Herkes gelen sese döndüğünde içlerinde koca bir coşku seli olmuştu.
"Kıdemli Üsteğmen Çağatay Şamil Gencer. Bayburt. Emret komutanım!"
Çağatay, en güzel gülümsemesi ve kısılan gözleri ile komutanlarına ve tim arkadaşlarına bakıyordu.
"Çato!"
Herkes sevinçle oturdukları yerden kalkıp yanına koştular. Herkesle tek tek sarıldığında sona Begüm'ü bırakmıştı Çağatay. Önce aralarında kısa bir bakışma geçti. Daha sonra sıkıca sarıldılar. Begüm menzildeyken onu koruyamadığı için kendini suçlu hissediyordu. Defalarca o izindeyken aramış, saatlerce özür dilemişti.
"İyisin." Begüm geri çekildiğinde gülümsedi Çağatay. "İyiyim gördüğün gibi.''
Çağatay en sona ayaklarına dolanan Çatal'ı bırakmıştı. Kucağına alıp onunla da özlem giderirken Mustafa Ali omzuna kolunu attı. Bir eli ile de Çağatay'ın karnına vuruyordu.
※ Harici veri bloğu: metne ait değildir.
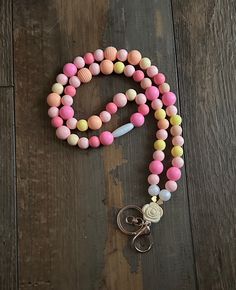 🌈Pastel sunset silicone bead Lanyard! This Sunset lanyard is made with soft silicone pastel beads in pink, orange and yellow. Made with a large light gold lobster clasp, and rose focal pendant. This lanyard is closed with a white breakaway clasp.  Perfect lanyard for pediatric health care professionals, teachers, and anyone who loves pastel Sunset colors!  Excellent gift for teachers appreciation day!  It's made in a standard 18-19" length, but that can be adjusted upon request! Just message me Bead Lanyard, Lanyard Teacher, Teachers Appreciation, Pastel Sunset, Pastel Beads, School Supply, Beaded Lanyards, Pink Sunset, Sunset Colors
"Valla Çato, bir aylık memleket izni sana yaramış. Kilo mu aldın sen?"
"Çok değil be komutanım."
Gülüştüler. İçtima alanından karargaha kadar beraber yürümeye başladılar. Kürşadlar Timi dünyada bir eksik cennette bir fazla olarak tamam olmuştu.
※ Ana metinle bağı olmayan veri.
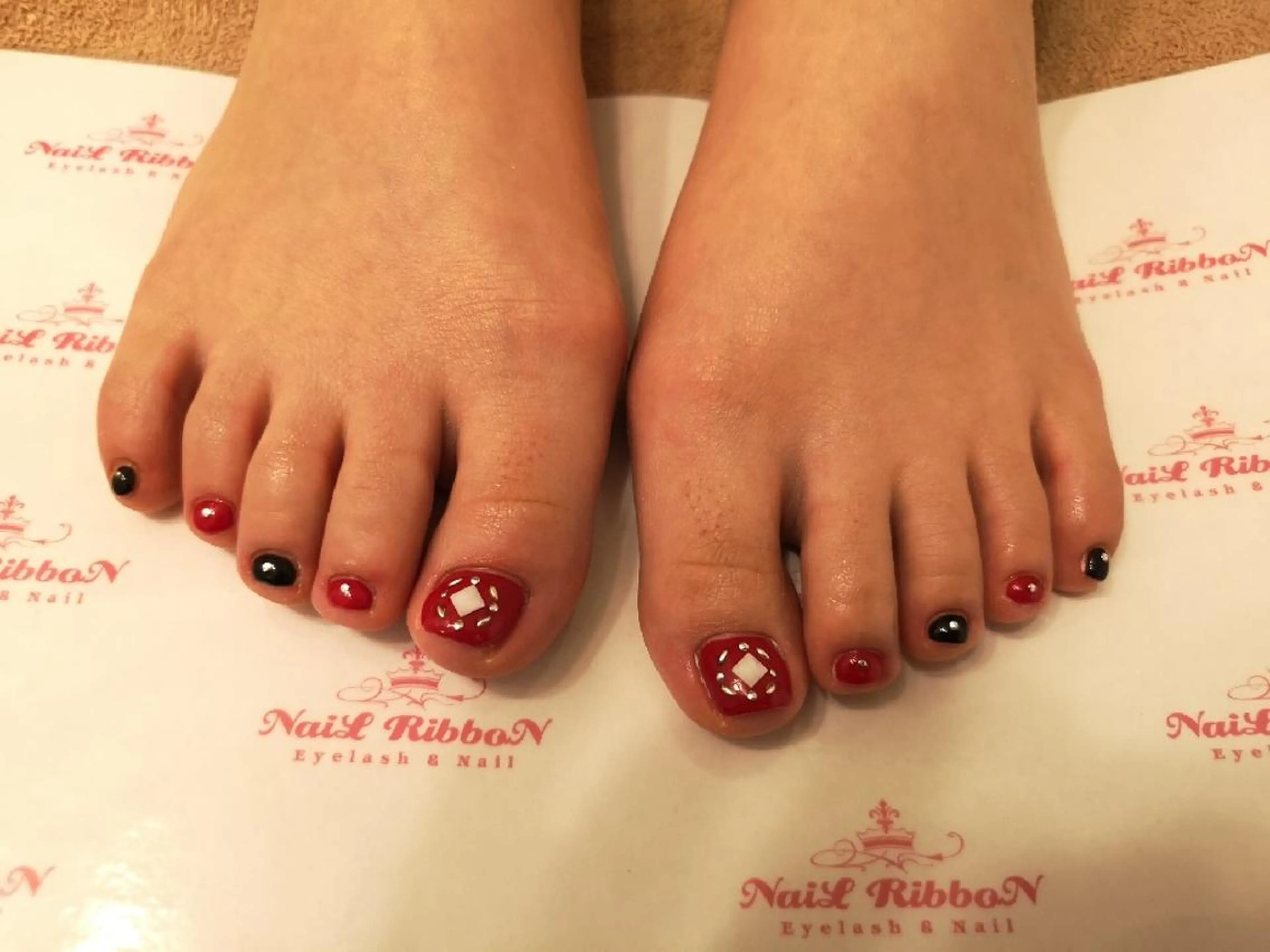 ネイル ネイルリボン 受付スタッフのネイルデザイン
"Valla bu bilerek bugün geldi. Akşam düğün var ya. Kesin onun için bugün geldi. Değil mi lan?"
Çağatay, Begüm'e göz kırpıp onayladı Taha'yı. Aralarında bir kişi eksik olduklarında tam anlamıyla eğlenemediklerini fark ettiler. Sinan, sonunda dedikodu için beklediği adamı bulmanın sevinci ile Çağatay'ın olmadığı bir aylık süreyi baştan sona anlatmıştı. Onlar koğuşta kaldıkları yerden devam ederken diğerleri sivil kıyafetlerine dönüp akşamki düğün için hazırlanmak üzere kışladan çıktılar.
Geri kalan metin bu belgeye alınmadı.